MLA, Punjab
- In office 1997 - 2002
- Constituency: Ludhiana West
- Chief Minister: Parkash Singh Badal

Personal details
- Born: 01-03-1950 Ludhiana Punjab, India
- Party: Shiromani Akali Dal

= Maheshinder Singh Grewal =

Indian politician

Maheshinder Singh Grewal is an Indian politician and belongs to Shiromani Akali Dal. He was accused by a lady judge from Ludhiana of misusing his power in her husband's transfer.

==Family and education==
His father's name was Sardar Avtar Singh Grewal.
 He graduated from the Government College in Ludhiana.

== Controversy ==
A woman judge in Ludhiana, Lukhwinder Kaur, has accused the Punjab government and former minister Maheshinder Singh Grewal of high-handedness.

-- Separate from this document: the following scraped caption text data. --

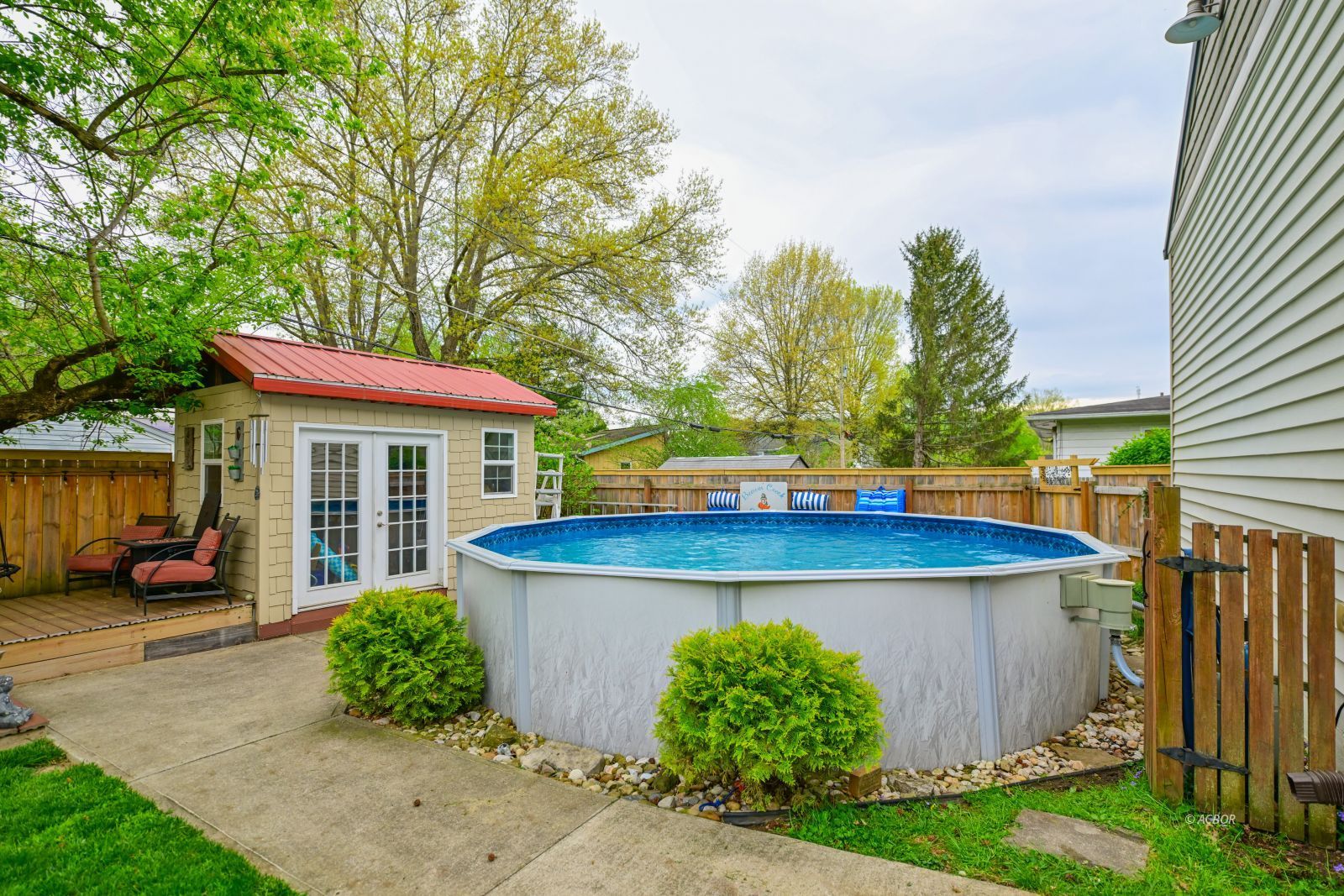 37 Euclid Dr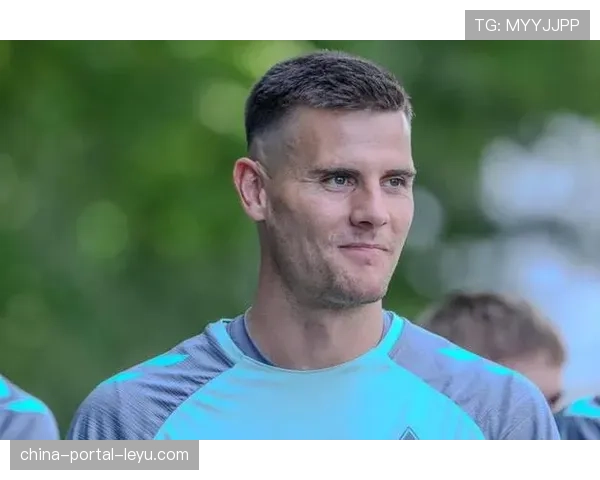 通讯：一场平局背后的故事——云达不莱梅门将泽特尔的神奇扑救之夜。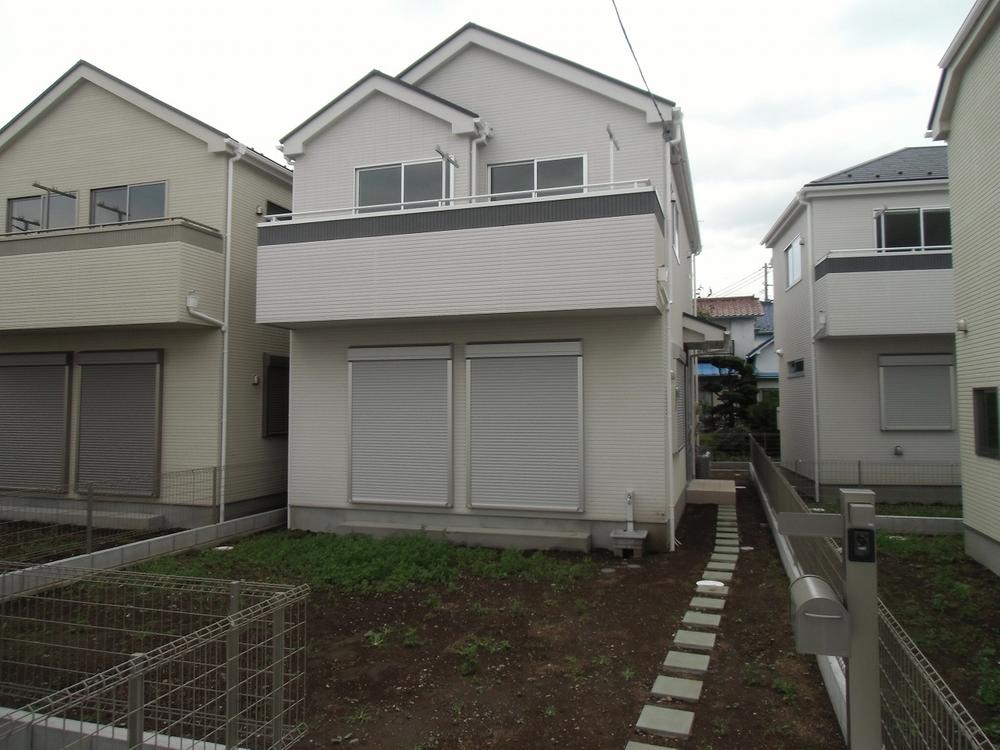 Local appearance photo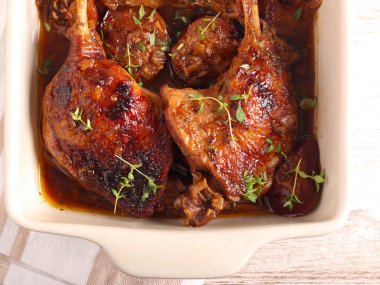 Baharatlı kekik ördek bacağı ve erik konservesi.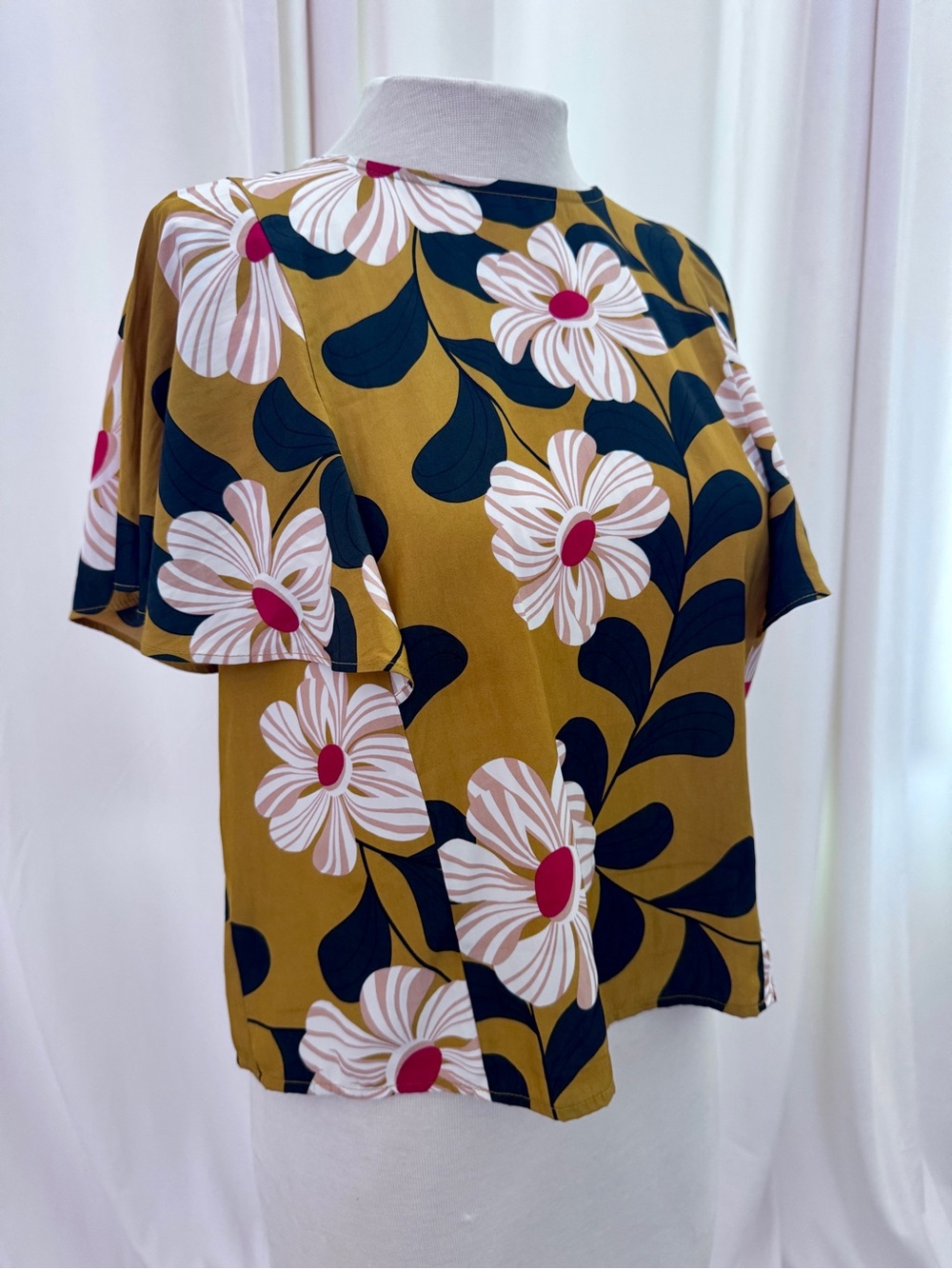 Anthropologie Eva Franco Floral Print Short Sleeve Blouse Size 4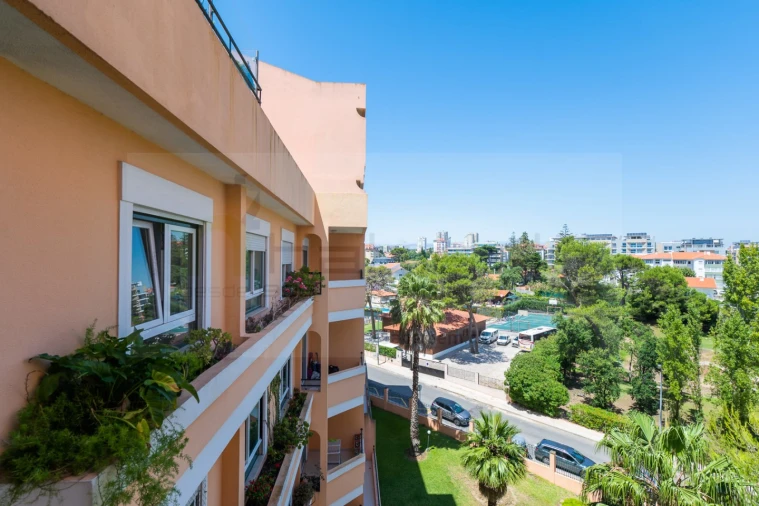 Apartamento T3 para Venda em Carcavelos e Parede Foto 6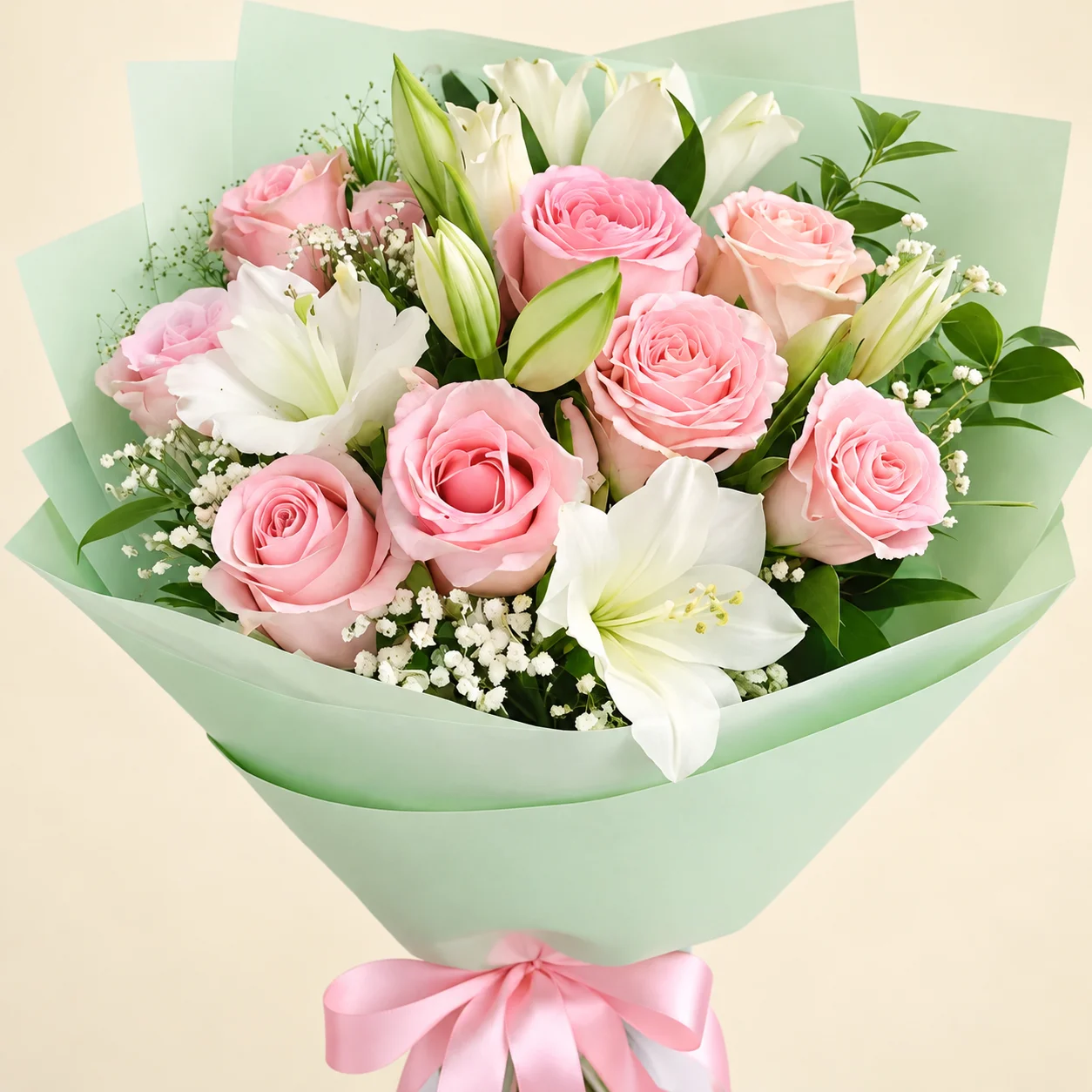 Rosas y Lilium - 6 rosas rosadas, 4 astromelias y 3 lilium con paniculata en papel verde menta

She alleges that her husband, a Sub Divisional Officer, was transferred to pressure her after she summoned Grewal and co-accused in a criminal case. Kaur claims Grewal used political influence for the transfer, seeking the cancellation of the orders. She points out that her husband's transfer occurred unusually early, violating the state transfer policy of a three-year service period before relocation.

== Political career ==
Grewal was elected to the Punjab Legislative Assembly in 1997 from Ludhiana West constituency. He was made minister in the Parkash Singh Badal led government. He also served as Adviser to the Chief Minister.